There are three major enhancements in this release of ApexSQL Log:
1. Support for ApexSQL Log API. These two applications share the same server-side components right from the start so you can run them in parallel on the same server by design.
2. Improvements of UPDATE reconstruction process. Due to the way SQL Server logs UPDATE operation, their auditing is Achilles' heel when auditing with transaction logs. However, in this new version we have again improved this process managing to extract more data than ever. It still not infallible (and it will never be infallible unless SQL Server's way of logging UPDATE operations is changed) but it's *very* good indeed.
3. Support for online transaction log reading on Vista x64 and, much more importantly, on upcoming Windows Server 2008 (x64 and IA64 but more on that below)

Here are two enhancements that we didn't deem as major since they are experimental:
1. Experimental support for Itanium (IA64) platforms for SQL Server 2005 IA64 and SQL Server 2000 64-bit.
2. Experimental support for SQL Server 2008 on all platforms (x86, x64 and IA64.) This includes support for new data types (DATE, DATETIME2, DATETIMEOFFSET and TIME)

Yes, as you can see we can actually add support for Itanium and SQL Server 2008 and not call it a major feature simply because they are experimental. For comparison try finding another transaction log reading application that supports even SQL Server 2005 on x64.

What does "experimental support" means? It means that it works (and it all really does work) but that we don't support it officially which in turn means you get support *anyway* and as always we try to fix problems ASAP *anyway* but you understand that this support hasn't been as thoroughly tested as with our other platforms.

Now let's move to ApexSQL Log API. API exposes DML auditing features of ApexSQL Log. Everything ApexSQL Log has in this regard (reading of online/detached/backup transaction logs, filtering, old/new table ID mapping, etc.) is exposed in API and it works just like it does in ApexSQL Log. So what's missing? Missing are:
1. Recovery Wizard: if you need to recover from a data loss (deleted data without transaction log, truncated and dropped tables, corrupted MDF files) you will need to grab ApexSQL Log.
2. DDL auditing. In this initial version at least we are exposing only DML auditing.
3. Out-of-box exports into XML, CSV and so on. All these can be built by using API so we didn't include them. We are evaluating publishing export classes using API just to demo the technology.
4. Command Line Interface and GUI. You would need to build those but it can be done with API.

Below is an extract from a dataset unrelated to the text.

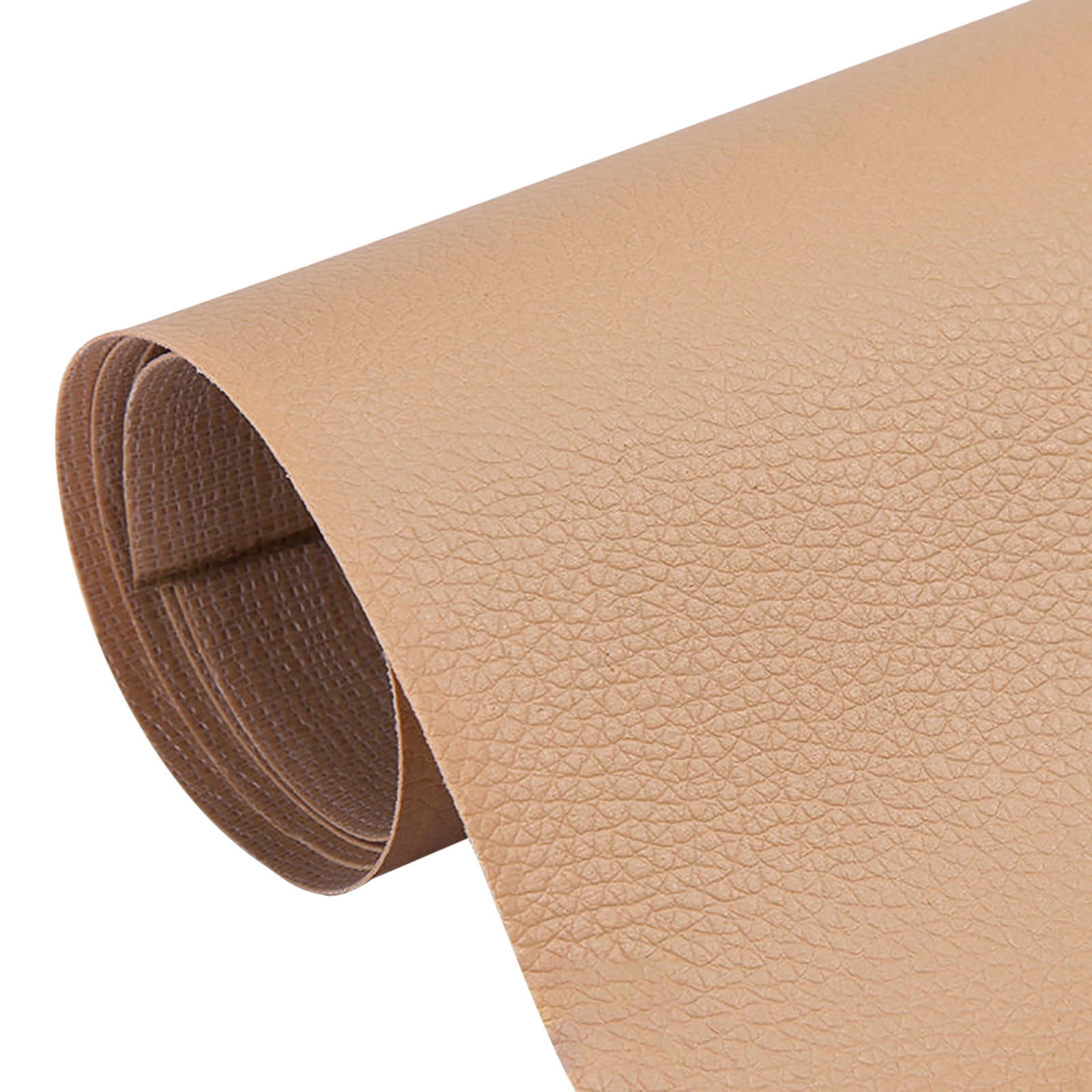 MastaPlasta Instant Leather Repair Tape Beige 60 x 4 in (150cm x 10cm). Self-Adhesive Repair for Sofas, Chairs, Car Seats, Bags and More. Fast, Easy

I'll post more soon on the way API is used. Regarding licensing and related stuff (like distribution) I would recommend that you consult here.

From now on I'll be writing a bit more hopefully (would I bet on it you say?! well... what odds are you giving me ;) There are several parallel projects that I'm involved with but that I can't discuss right now. Suffice to say that ApexSQL Log (and API) will be getting some pretty cool stuff in ApexSQL Log 2008 release and the same goes for some other products of ours (and one completely new one...)

Monday, July 30, 2007

Fast forward 2 months

I see that it's been more than 2 months since the last time I posted. But things have been moving in fast lane and just this last Friday we have release ApexSQL Log API to QA - hope you see it in our offer soon. Release of ApexSQL Log API will be accompanied with the release of ApexSQL Log 2005.10 which has also been release to QA. Both share the same set of server-side components but more on that in a dedicated post.

What have I missed blogging about? Well, apart SQL Server/development stuff, there is the obvious 38th anniversary from the first moon landing (and 8th anniversary of my arrival to Chile - they fall on the same day! how geek is that??) Then not so obvious - 100 years since the birth of Robert Anson Heinlein.

Oh, and I'm blogging this on Miami airport waiting for my connection flight to Raleigh - and from there to our HQ in Chapel Hill. Among other things I have an unsettled debt there... No, I haven't prepared for it. I haven't played basketball since that faithful day last year... But I'm counting on inspiration... or something... anything!

More on Log stuff and development soon, I (kinda) promise.